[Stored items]
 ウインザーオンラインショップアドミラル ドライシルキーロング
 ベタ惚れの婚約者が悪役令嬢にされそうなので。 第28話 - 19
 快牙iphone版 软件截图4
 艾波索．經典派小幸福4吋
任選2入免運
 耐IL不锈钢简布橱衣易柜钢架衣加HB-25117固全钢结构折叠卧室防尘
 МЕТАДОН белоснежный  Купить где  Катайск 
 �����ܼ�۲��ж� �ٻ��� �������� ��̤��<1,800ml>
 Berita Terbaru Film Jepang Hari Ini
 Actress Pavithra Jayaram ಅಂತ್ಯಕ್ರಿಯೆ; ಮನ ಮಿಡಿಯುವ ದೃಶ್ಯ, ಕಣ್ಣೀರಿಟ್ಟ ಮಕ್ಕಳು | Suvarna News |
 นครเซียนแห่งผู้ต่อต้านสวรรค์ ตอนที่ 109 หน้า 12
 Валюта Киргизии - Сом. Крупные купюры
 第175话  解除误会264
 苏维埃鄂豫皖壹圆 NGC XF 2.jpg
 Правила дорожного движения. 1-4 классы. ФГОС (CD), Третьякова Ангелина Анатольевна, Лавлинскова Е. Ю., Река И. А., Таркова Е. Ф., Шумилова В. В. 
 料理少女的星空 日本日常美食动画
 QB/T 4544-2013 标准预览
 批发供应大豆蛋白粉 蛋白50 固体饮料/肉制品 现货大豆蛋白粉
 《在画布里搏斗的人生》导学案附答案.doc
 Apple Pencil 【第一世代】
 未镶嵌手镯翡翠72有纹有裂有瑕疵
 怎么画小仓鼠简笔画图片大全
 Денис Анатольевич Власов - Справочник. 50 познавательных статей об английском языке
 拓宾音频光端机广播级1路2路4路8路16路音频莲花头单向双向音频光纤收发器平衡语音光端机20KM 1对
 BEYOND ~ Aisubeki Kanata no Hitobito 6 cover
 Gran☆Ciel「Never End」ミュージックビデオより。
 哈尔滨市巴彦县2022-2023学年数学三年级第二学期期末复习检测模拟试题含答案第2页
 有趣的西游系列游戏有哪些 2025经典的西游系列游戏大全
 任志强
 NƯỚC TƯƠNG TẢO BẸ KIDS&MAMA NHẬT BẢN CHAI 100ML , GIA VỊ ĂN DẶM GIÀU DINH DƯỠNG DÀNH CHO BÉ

Exercise prompt => The complete data is to be transcribed verbatim.

Finished exercise =>
 ウインザーオンラインショップアドミラル ドライシルキーロング
 ベタ惚れの婚約者が悪役令嬢にされそうなので。 第28話 - 19
 快牙iphone版 软件截图4
 艾波索．經典派小幸福4吋
任選2入免運
 耐IL不锈钢简布橱衣易柜钢架衣加HB-25117固全钢结构折叠卧室防尘
 МЕТАДОН белоснежный  Купить где  Катайск 
 �����ܼ�۲��ж� �ٻ��� �������� ��̤��<1,800ml>
 Berita Terbaru Film Jepang Hari Ini
 Actress Pavithra Jayaram ಅಂತ್ಯಕ್ರಿಯೆ; ಮನ ಮಿಡಿಯುವ ದೃಶ್ಯ, ಕಣ್ಣೀರಿಟ್ಟ ಮಕ್ಕಳು | Suvarna News |
 นครเซียนแห่งผู้ต่อต้านสวรรค์ ตอนที่ 109 หน้า 12
 Валюта Киргизии - Сом. Крупные купюры
 第175话  解除误会264
 苏维埃鄂豫皖壹圆 NGC XF 2.jpg
 Правила дорожного движения. 1-4 классы. ФГОС (CD), Третьякова Ангелина Анатольевна, Лавлинскова Е. Ю., Река И. А., Таркова Е. Ф., Шумилова В. В. 
 料理少女的星空 日本日常美食动画
 QB/T 4544-2013 标准预览
 批发供应大豆蛋白粉 蛋白50 固体饮料/肉制品 现货大豆蛋白粉
 《在画布里搏斗的人生》导学案附答案.doc
 Apple Pencil 【第一世代】
 未镶嵌手镯翡翠72有纹有裂有瑕疵
 怎么画小仓鼠简笔画图片大全
 Денис Анатольевич Власов - Справочник. 50 познавательных статей об английском языке
 拓宾音频光端机广播级1路2路4路8路16路音频莲花头单向双向音频光纤收发器平衡语音光端机20KM 1对
 BEYOND ~ Aisubeki Kanata no Hitobito 6 cover
 Gran☆Ciel「Never End」ミュージックビデオより。
 哈尔滨市巴彦县2022-2023学年数学三年级第二学期期末复习检测模拟试题含答案第2页
 有趣的西游系列游戏有哪些 2025经典的西游系列游戏大全
 任志强
 NƯỚC TƯƠNG TẢO BẸ KIDS&MAMA NHẬT BẢN CHAI 100ML , GIA VỊ ĂN DẶM GIÀU DINH DƯỠNG DÀNH CHO BÉ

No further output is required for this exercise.